What you should do:
Look below for the line containing "Đầm ôm dáng" and the line containing "Arriba, la lámpara", then set down both and every line between them exactly, without pictures.

Materials provided:
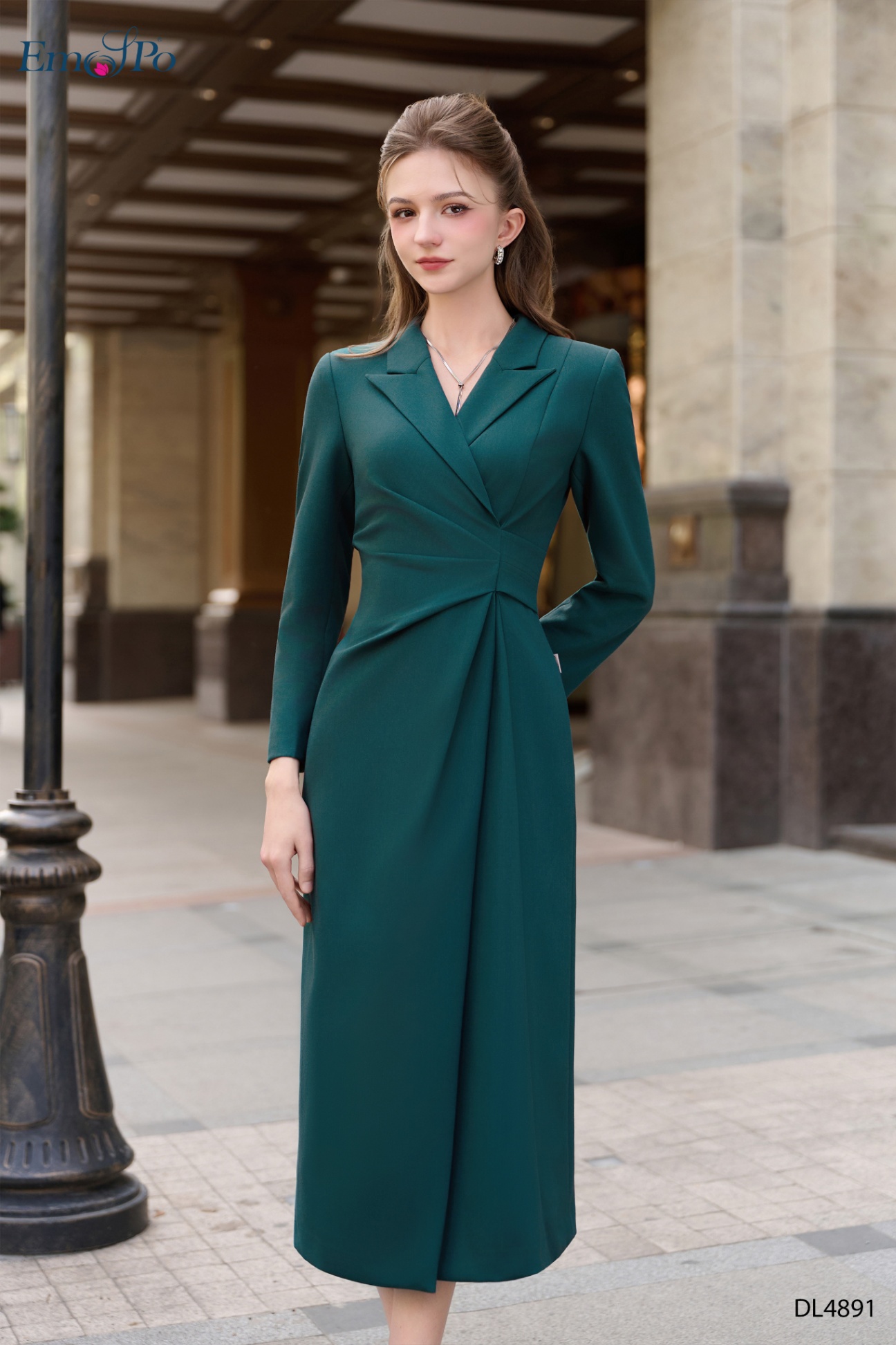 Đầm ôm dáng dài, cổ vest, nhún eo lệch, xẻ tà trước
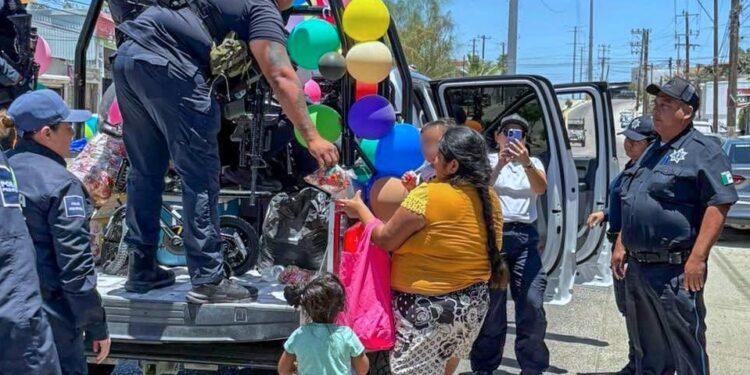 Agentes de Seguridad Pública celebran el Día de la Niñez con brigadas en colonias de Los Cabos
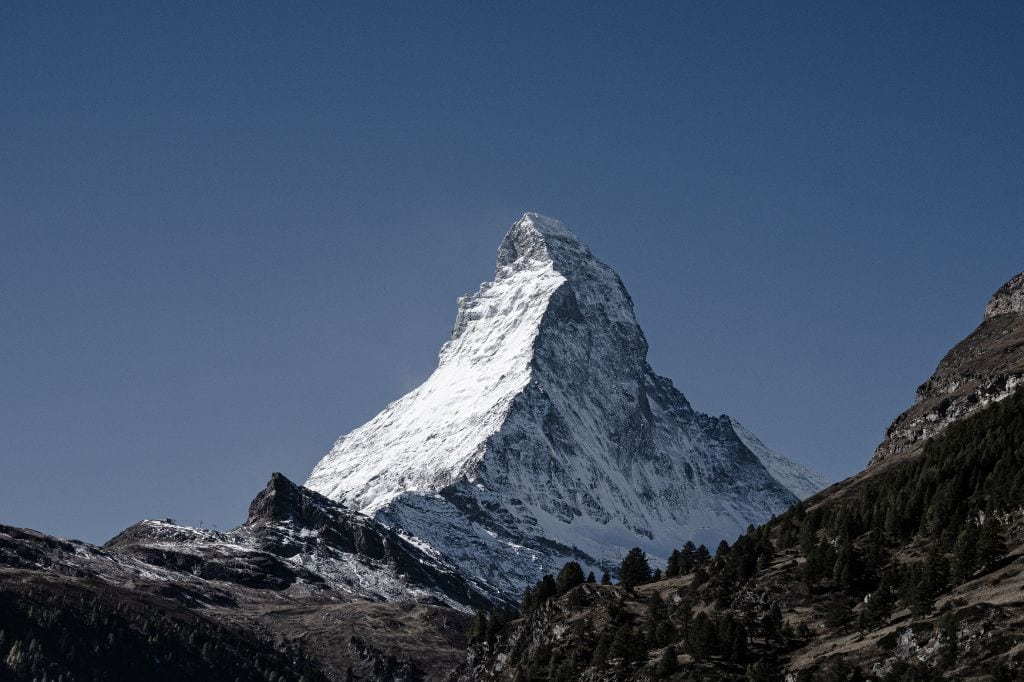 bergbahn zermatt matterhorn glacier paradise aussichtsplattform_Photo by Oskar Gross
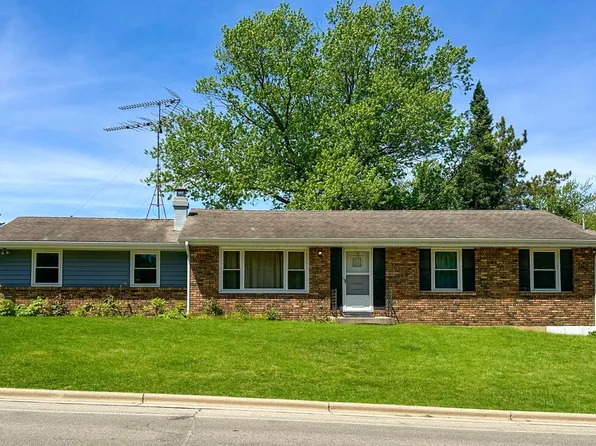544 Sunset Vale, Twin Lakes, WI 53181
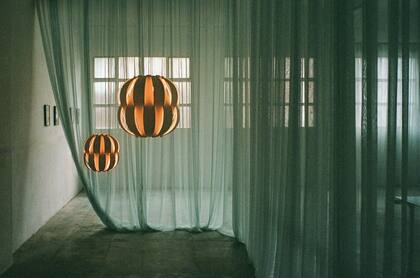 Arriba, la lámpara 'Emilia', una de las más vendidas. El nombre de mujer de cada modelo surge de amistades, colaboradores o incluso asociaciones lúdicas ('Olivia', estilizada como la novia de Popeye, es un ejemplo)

* * *

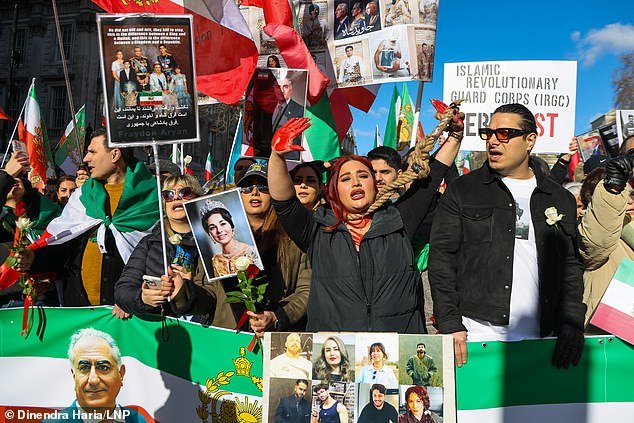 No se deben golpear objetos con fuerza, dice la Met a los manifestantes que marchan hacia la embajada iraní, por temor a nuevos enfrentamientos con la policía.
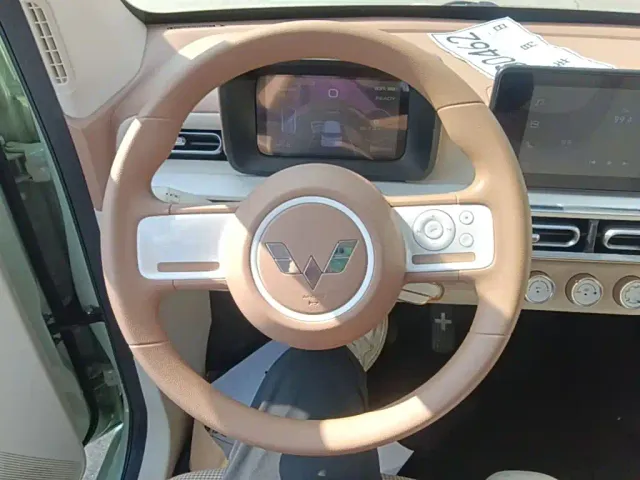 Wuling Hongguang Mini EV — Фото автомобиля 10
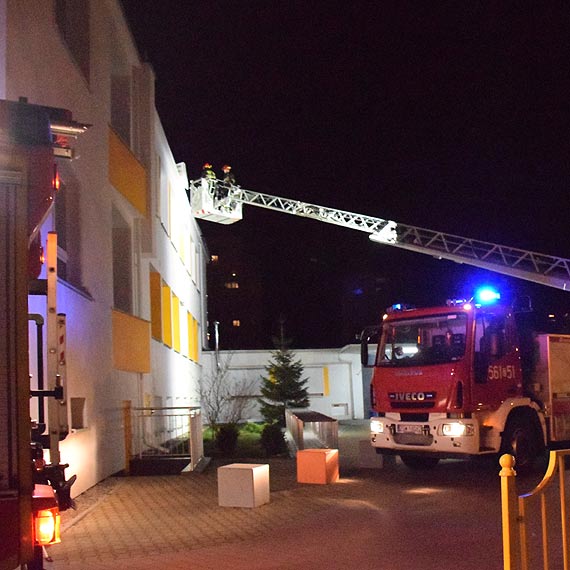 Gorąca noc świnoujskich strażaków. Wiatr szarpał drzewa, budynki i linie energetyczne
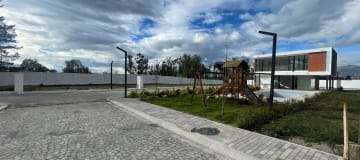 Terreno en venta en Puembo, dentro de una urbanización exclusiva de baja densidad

Answer space:
 Đầm ôm dáng dài, cổ vest, nhún eo lệch, xẻ tà trước
 Agentes de Seguridad Pública celebran el Día de la Niñez con brigadas en colonias de Los Cabos
 bergbahn zermatt matterhorn glacier paradise aussichtsplattform_Photo by Oskar Gross
544 Sunset Vale, Twin Lakes, WI 53181
 Arriba, la lámpara 'Emilia', una de las más vendidas. El nombre de mujer de cada modelo surge de amistades, colaboradores o incluso asociaciones lúdicas ('Olivia', estilizada como la novia de Popeye, es un ejemplo)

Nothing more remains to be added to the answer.